Understanding the CPP
What is the CPP retirement pension?
A CPP retirement pension is a monthly benefit that people who have contributed to the Canada Pension Plan receive. The pension is designed to replace about 25% of a person's average pre-retirement employment earnings, up to a maximum amount.
For 2012, $50,100 is the maximum amount of employment earnings we use to calculate the pension. The average monthly CPP retirement pension in October 2011 was $512.64. In 2012, the maximum monthly pension amount at age 65 is $986.67.
The CPP is one part of your retirement plan.
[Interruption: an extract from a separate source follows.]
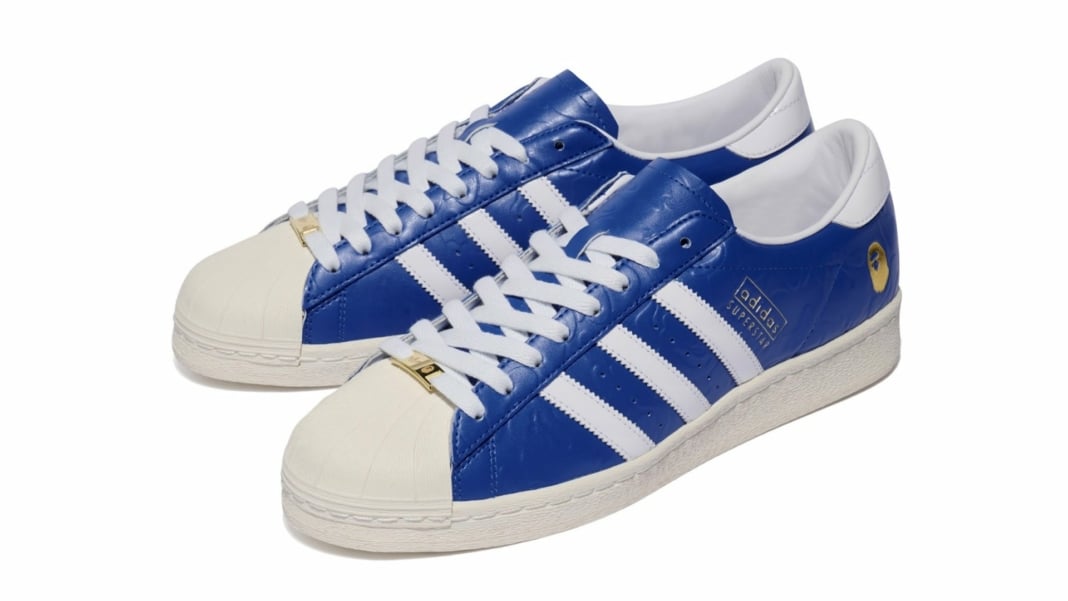Jr2702 Bape x adidas Superstars Releasing March 2025 | JustFreshKicks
The other components of your retirement income may include the Government of Canada's Old Age Security (OAS) pension, and personal savings and investments.
What benefits does the CPP provide?
There are four kinds of CPP benefits:
- the retirement pension;
- beginning in 2013, the new Post-Retirement Benefit;
- disability benefits (for contributors with a disability and their dependent children); and
- survivor benefits (including the death benefit, the survivor's pension, and the children's benefit).
How is the CPP financed?
The CPP is a contributory plan. This means that all costs are covered by the financial contributions that employees, employers, and self-employed workers pay, and from revenue earned on investments made by the CPP Investment Board. The CPP is not funded through general tax revenues.
What is the CPP Investment Board?
The CPP Investment Board invests CPP funds, broadly following the same investment rules as other pension plans. It was created to operate at arm's length from the federal, provincial, and territorial governments. The Board is accountable to the public and regularly reports its investment results.